### INFORMATION SHOWN
Start of Block
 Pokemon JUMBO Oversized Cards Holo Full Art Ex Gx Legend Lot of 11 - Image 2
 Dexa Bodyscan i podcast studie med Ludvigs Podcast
End of Block
Start of Block
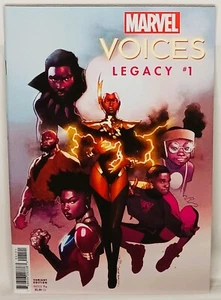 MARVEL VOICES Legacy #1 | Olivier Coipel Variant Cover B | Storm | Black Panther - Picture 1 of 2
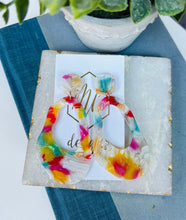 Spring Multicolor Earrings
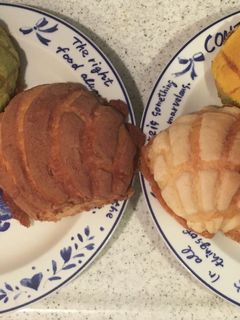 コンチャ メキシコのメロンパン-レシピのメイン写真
End of Block
Given the listing above, retype only the span of lines from the line with "MARVEL VOICES Legacy" up to and including the line with "コンチャ メキシコのメロンパン-レシピのメイン写真", exactly as it stands and without pictures.

### RESPONSE AREA
 MARVEL VOICES Legacy #1 | Olivier Coipel Variant Cover B | Storm | Black Panther - Picture 1 of 2
 Spring Multicolor Earrings
 コンチャ メキシコのメロンパン-レシピのメイン写真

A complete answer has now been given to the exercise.